Мальчик уходил, и, может быть, я даже видела, что с ним было дальше, но это пока не вспоминается. Помню лишь ощущение – наконец-то можно вздохнуть спокойно, мальчик остался жив. И лицо человека в гимнастерке, откинувшегося на спинку стула.
Все мы видим за жизнь неимоверное количество снов, но не после всякого человек просыпается среди ночи, садится на постели взъерошенный и произносит вслух имя, которое во сне определенно не звучало:
– Ингарт?
Назвав это имя, я поняла, что прозрачный мальчишка был именно Ингарт.
Это была возможная разгадка тайны, беспокоившей меня уже больше пятнадцати лет. Настоящей тайны.
Тогда я не сознавала ее серьезности, но с годами ненужные воспоминания отсеивались, а все, что было связано со странным человеком, который полгода был моим другом, на фоне бледнеющих событий приобрело четкость рисунка тушью на тонированной акварелью бумаге.
Ему было сорок три, мне – девятнадцать. Вот как произошло наше знакомство. Примерно на втором курсе филологического факультета я ввязалась в затяжной конфликт с нашей англичанкой. Силы распределялись так: я побивала ее безукоризненной грамматикой и изысканным синтаксисом да еще оборотами из прочитанных в оригинале нескольких комедий Шекспира, а она порицала меня за дурное произношение.
Я попросила у матери материальных субсидий на репетитора.

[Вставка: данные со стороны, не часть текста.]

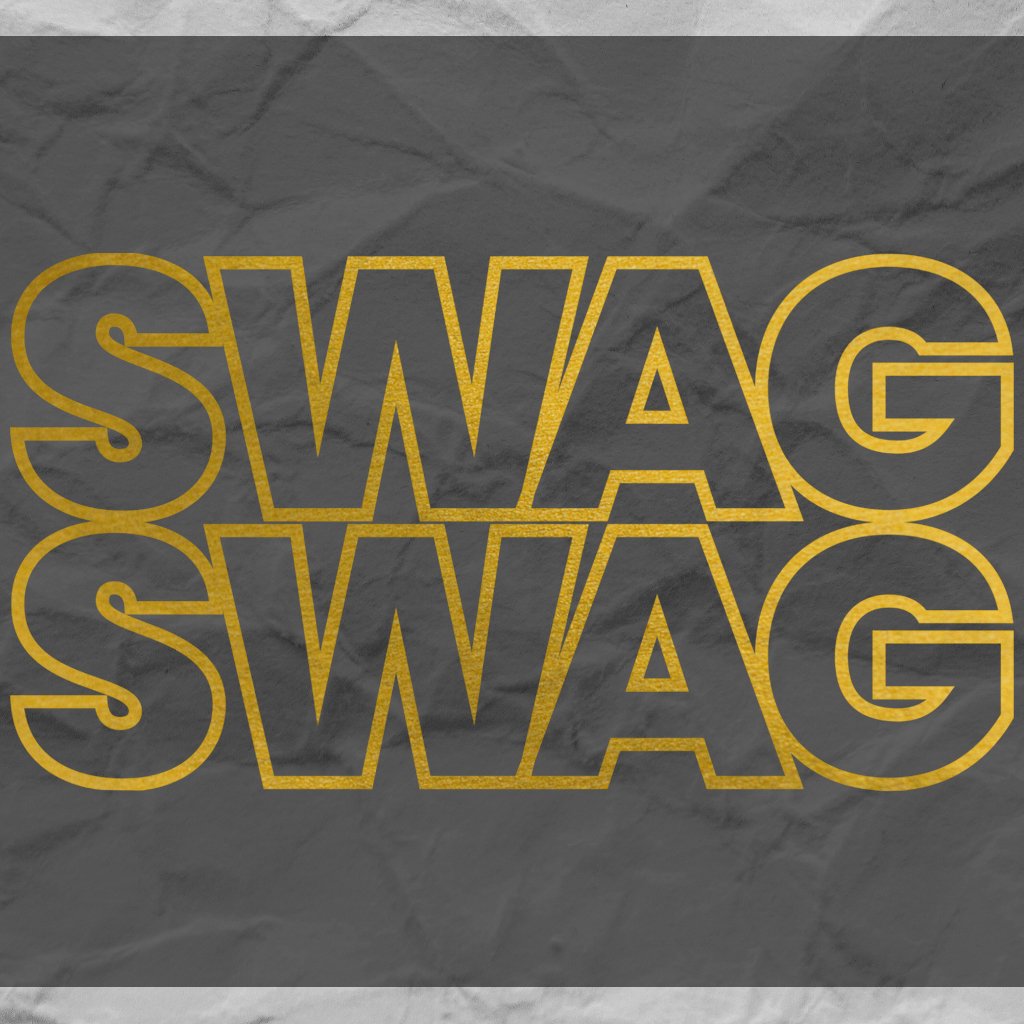 SWAG: Strong Spirit - Pastor Charity Kalstrup episode artwork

Уроки тогда были недорогие, субсидии я получила, а вот подходящего репетитора не находилось. Вероятно, моя глотка требовала какого-то особенно научного подхода. Во всяком случае, наша англичанка после нескольких попыток отказалась наладить мой «пронаунс».
Мать, работая в отделе снабжения одной почтенной организации, ежедневно общалась с невероятным количеством народа. В кабинете у нее вечно толклись снабженцы. За день ей рассказывали такое количество анекдотов, что, приходя домой, она в восторге заявляла: «Мне такой анекдот рассказали!..», начинала рассказывать сама, на середине делала паузу, вспоминая финал, и завершала заключительной ударной фразой из совершенно другого анекдота, после чего мы с минуту озадаченно смотрели друг на дружку.

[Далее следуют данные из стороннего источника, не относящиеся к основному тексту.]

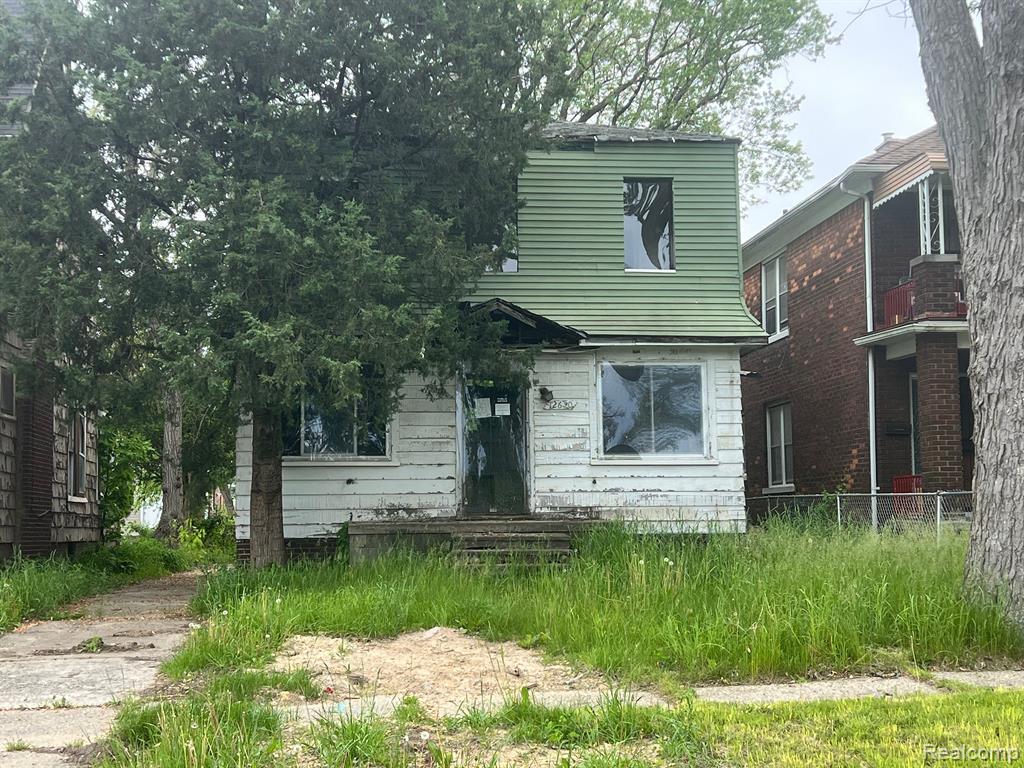 12610 Northlawn Street — photo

Среди снабженцев были старые знакомые, регулярно спрашивавшие о моих студенческих успехах. Таким образом, проблема английского «пронаунса» широко дискутировалась в кабинете. И в один прекрасный день незнакомый человек, забредший сюда по пустяковому делу и втянутый в общий разговор, ни с того ни с сего предложил свои услуги.
Человек оказался из какого-то соседнего учреждения.

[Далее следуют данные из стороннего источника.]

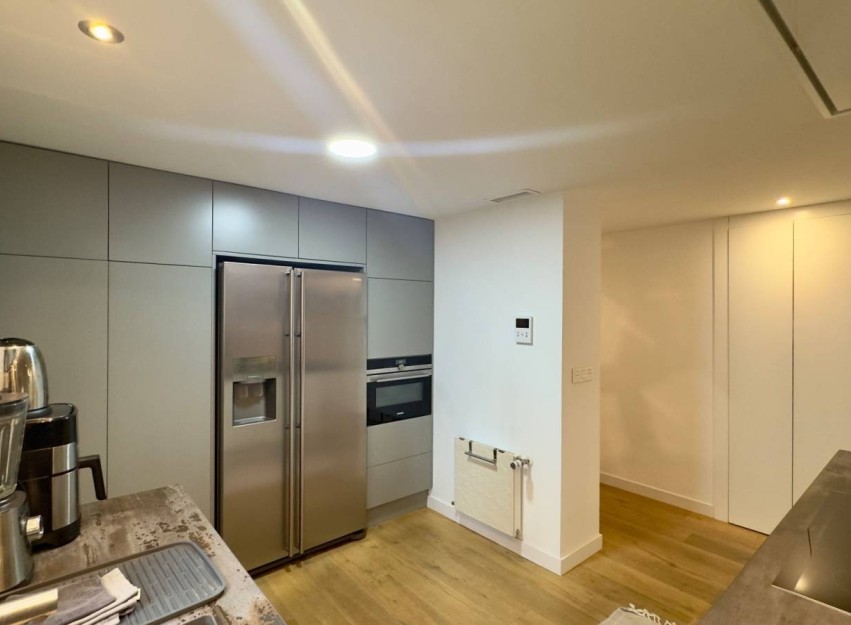 Herverkoop - Apartment - Alicante - Vistahermosa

От оплаты он отказался. Непонятно зачем спросил, сколько мне лет. Услышав, что девятнадцать, обрадовался. Почему-то ему импонировала именно эта цифра. И мать, чувствуя себя странновато, приняла его предложение: он почему-то хотел познакомиться со мной не в кабинете или у нас дома, а в Верманском парке, и даже на определенной скамейке.
Так и произошло.
В Верманском парке я, можно сказать, выросла. Избранная им скамейка была в трех шагах от круглой клумбы, вокруг которой я часами каталась на трехколесном велосипеде. Чуть подальше находилась эстрада, с которой связывались уже не такие приятные воспоминания. В детстве мне купили аккордеон – в конце пятидесятых они еще были в моде. Помыкавшись по частным учителям, я угодила в ансамбль аккордеонистов. Время от времени он давал концерты на открытых эстрадах – в том числе и на этой. Лет в четырнадцать я взбунтовалась, после чего года три вообще не прикасалась к инструменту, только после материнского окрика стирала пыль с футляра.